To solve this problem, we need to uniquely identify requests, and then tie the
response message to the request using the identifier.
Typical solution is to use per-client sequence numbers:
Each client numbers its requests with integers starting at 0.
Server includes the request number in its responses.
This solves the above scenario like this:
client sends request f(10) with sequence number 0
client receives a response with result 20 for sequence number 0
client sends request f(15) with sequence number 1
client receives a response with result 20 for sequence number 0
Now we can tell that the response was actually a duplicate.
If instead the client received a response that the result for sequence number 1 is 20
then we would know that it wasn't a duplicate and that the result just
happened to be 20 again.
Naive RPC with request identifiers
Here is an updated protocol now that we have added request identifiers to Naive RPC.
Protocol:
Kinds of node:
There are two kinds of nodes: clients and servers.
There can be any number of clients and any number of servers.
State at each kind of node:
Client:
current sequence number, an integer, initially 0.
set of outstanding requests, a set of sequence numbers, initially empty.
Server: None beyond what is required to execute the functions provided over RPC.
Messages:
Request message
Source: Clients
Destination: Servers
Contents:
What function the client is requesting to call.
The (serialized) arguments to pass to that function.

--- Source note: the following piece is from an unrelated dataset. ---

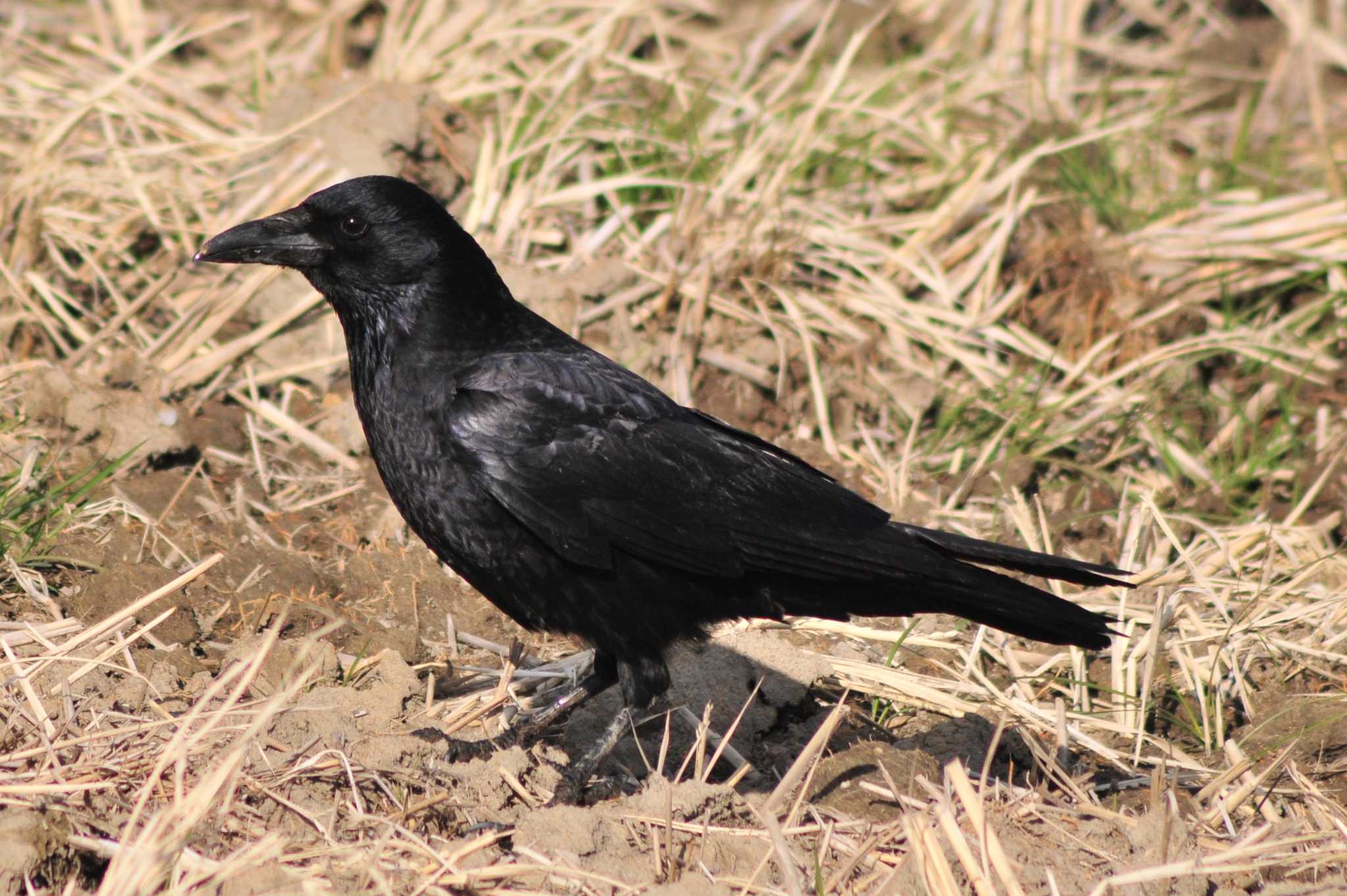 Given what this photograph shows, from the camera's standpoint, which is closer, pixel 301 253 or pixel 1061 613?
pixel 1061 613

A sequence number (integer)
When is it sent?
Whenever a client wants to invoke an RPC.
To start a new RPC, the client takes its current sequence
number, \(n\), and sends a Request message to the server with
\(n\) (and the function name and arguments). It then adds
\(n\) to its set of outstanding requests and finally
increments its current sequence number.
What happens at the destination when it is received?
The server calls the (local) function on the (deserialized)

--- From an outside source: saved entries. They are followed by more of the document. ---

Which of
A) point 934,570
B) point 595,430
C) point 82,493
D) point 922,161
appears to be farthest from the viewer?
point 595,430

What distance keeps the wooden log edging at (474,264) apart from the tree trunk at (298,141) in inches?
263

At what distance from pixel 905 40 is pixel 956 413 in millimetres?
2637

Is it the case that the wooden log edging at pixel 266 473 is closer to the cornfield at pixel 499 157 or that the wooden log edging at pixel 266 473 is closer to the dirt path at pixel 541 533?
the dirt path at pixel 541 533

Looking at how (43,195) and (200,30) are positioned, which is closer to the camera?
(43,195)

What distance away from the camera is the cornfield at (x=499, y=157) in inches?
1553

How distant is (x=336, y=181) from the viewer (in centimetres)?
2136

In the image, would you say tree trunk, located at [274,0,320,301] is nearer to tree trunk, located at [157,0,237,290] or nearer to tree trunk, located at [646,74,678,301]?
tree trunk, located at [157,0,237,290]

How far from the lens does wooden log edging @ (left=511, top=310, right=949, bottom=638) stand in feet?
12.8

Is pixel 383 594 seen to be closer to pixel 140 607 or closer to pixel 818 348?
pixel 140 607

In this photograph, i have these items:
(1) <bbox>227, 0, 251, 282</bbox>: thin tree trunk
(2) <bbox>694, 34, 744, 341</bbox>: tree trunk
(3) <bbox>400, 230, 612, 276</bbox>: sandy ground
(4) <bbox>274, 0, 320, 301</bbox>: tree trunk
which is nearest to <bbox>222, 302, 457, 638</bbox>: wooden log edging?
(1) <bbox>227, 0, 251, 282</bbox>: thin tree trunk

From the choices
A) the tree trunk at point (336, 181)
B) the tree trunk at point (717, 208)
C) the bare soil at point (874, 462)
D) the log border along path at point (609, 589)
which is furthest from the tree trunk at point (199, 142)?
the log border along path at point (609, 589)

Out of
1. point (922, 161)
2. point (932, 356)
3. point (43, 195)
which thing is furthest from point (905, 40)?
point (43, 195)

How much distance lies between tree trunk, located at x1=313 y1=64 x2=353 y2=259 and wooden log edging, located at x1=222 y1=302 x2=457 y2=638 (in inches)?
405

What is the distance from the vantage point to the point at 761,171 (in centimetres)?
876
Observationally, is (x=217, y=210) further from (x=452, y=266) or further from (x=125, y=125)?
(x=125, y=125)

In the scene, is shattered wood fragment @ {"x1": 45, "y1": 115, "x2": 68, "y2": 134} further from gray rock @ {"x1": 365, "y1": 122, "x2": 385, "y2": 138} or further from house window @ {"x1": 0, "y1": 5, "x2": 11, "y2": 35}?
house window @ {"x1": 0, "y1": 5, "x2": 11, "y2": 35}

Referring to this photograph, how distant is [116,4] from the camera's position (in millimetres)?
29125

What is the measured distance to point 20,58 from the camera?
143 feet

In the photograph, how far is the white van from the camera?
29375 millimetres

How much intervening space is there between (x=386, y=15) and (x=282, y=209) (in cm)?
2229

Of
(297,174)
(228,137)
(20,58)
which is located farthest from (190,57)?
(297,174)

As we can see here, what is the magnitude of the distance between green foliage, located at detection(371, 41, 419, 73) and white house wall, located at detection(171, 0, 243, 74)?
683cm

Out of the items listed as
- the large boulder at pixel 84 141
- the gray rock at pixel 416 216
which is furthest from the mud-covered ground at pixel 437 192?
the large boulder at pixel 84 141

provided arguments and sends a response message back to the client
with the (serialized) return value and the same sequence number as the request.
Response message
Source: Servers
Destination: Clients
Contents:
The (serialized) return value from the function.
A sequence number (integer)
When is it sent?
When a server finishes executing a request.

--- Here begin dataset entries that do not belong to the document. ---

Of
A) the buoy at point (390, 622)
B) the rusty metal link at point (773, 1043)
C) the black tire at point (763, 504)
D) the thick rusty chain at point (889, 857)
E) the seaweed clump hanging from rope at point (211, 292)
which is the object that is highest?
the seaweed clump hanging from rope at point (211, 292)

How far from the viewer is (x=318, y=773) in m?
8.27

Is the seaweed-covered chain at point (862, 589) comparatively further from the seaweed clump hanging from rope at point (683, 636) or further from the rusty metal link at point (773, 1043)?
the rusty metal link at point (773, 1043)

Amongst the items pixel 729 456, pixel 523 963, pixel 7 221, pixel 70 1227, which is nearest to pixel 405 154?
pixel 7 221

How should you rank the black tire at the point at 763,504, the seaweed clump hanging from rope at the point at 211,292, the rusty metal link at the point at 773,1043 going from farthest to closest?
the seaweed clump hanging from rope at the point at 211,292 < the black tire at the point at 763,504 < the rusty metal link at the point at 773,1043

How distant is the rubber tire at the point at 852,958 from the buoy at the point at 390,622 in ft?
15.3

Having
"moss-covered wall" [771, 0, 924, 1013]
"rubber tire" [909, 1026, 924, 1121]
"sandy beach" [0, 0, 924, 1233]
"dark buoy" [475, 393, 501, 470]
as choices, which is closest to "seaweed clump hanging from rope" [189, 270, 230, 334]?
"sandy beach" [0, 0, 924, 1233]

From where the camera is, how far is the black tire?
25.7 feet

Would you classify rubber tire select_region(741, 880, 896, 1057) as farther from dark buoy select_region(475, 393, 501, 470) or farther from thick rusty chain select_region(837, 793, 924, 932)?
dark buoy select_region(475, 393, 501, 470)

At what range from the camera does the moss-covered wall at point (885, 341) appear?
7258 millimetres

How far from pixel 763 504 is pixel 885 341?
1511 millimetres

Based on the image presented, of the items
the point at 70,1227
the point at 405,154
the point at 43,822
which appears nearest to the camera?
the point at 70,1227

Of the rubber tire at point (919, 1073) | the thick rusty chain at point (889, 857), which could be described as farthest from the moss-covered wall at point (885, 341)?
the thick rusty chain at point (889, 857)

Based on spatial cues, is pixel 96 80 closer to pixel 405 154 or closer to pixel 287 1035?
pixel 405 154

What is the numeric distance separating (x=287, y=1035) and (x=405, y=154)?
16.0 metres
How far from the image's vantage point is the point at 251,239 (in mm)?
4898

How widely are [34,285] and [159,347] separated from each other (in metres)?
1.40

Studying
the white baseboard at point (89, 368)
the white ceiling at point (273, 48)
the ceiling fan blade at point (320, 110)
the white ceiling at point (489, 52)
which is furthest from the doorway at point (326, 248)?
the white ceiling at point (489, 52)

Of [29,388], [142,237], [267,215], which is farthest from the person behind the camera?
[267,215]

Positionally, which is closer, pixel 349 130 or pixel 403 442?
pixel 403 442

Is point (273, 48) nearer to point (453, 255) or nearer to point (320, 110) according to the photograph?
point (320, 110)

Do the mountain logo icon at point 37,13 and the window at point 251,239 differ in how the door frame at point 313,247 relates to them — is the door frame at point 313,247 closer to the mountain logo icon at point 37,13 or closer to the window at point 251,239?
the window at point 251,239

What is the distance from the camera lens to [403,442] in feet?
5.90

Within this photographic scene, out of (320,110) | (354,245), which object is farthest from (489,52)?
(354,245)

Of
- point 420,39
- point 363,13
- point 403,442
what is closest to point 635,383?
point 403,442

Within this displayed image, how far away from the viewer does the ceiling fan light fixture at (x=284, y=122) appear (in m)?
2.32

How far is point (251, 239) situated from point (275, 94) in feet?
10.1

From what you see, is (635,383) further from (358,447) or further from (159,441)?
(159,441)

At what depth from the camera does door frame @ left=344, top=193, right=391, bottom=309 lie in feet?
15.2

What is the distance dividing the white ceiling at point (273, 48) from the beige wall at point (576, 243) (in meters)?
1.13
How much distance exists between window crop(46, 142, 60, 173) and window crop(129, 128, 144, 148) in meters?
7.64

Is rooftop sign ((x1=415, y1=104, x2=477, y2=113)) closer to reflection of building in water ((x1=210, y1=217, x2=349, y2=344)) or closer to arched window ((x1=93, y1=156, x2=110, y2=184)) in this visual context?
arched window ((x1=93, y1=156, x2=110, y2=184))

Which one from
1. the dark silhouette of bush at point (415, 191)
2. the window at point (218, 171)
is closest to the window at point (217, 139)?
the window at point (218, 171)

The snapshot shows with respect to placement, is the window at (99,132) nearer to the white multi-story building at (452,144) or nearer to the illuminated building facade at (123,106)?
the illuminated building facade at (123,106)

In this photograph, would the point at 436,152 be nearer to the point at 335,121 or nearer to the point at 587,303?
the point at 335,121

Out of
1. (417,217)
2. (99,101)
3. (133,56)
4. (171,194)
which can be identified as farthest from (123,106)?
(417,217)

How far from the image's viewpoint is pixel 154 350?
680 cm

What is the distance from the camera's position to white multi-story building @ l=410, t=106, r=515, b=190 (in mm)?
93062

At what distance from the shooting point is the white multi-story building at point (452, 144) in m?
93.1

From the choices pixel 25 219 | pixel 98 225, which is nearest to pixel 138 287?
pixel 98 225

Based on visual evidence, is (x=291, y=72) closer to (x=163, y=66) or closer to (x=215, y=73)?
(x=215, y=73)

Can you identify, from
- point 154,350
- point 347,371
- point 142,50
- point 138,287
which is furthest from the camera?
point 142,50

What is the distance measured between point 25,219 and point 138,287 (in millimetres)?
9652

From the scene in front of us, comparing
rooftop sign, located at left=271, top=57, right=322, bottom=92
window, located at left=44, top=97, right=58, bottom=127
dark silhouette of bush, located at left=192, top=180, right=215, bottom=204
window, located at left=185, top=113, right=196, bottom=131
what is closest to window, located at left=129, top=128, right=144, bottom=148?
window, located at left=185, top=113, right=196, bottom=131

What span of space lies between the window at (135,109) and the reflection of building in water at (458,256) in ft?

What happens at the destination when it is received?
The client checks if the sequence number is in its set of
outstanding requests. If not, the message is ignored.
Otherwise, the client removes the message's sequence number
from its set of outstanding requests, deserializes the return
value and returns it to the application layer.
This protocol solves the problem of confusing response messages from different requests.
However, it still suffers from many other problems, such as the client waiting
forever if certain messages get dropped, and the server executing the same
request multiple times.
RPC Semantics
Our options in more detail
Naive
The client might never receive a response (e.g., request gets dropped)
If the client receives a response message to a request:
we know nothing because we cannot distinguish response messages from different requests, so it's possible this response was to a previous request.
(technically, if this is the first request the client has sent, then it
knows the request has been executed at least once, because there are no
other previous response messages that this one could be a duplicate of.)
If the client does not receive a response message:
we know nothing: the request might have been executed (or it might not, or it might have been executed more than once)
Naive with request identifiers
The client might never receive a response (e.g., request gets dropped)
If the client receives a response message to a request:
then the request was executed at least one time (perhaps more than once)
If the client does not receive a response message:
we know nothing: the request might have been executed (or it might not, or it might have been executed more than once)
At least once
The client will eventually receive a response message (or die trying).
If the client receives a response message to a request:
then the request was executed at least one time (perhaps more than once)
If the client does not receive a response message:
it blocks forever retransmitting the request and waiting until it receives a response
At most once
The client might never receive a response (e.g., request gets dropped)
If the client receives a response message to a request:
then the request was executed exactly once
If the client does not receive a response message:
then the request might have been executed (or it might not, but definitely not more than once)
Exactly once
The client will eventually receive a response message (or die trying).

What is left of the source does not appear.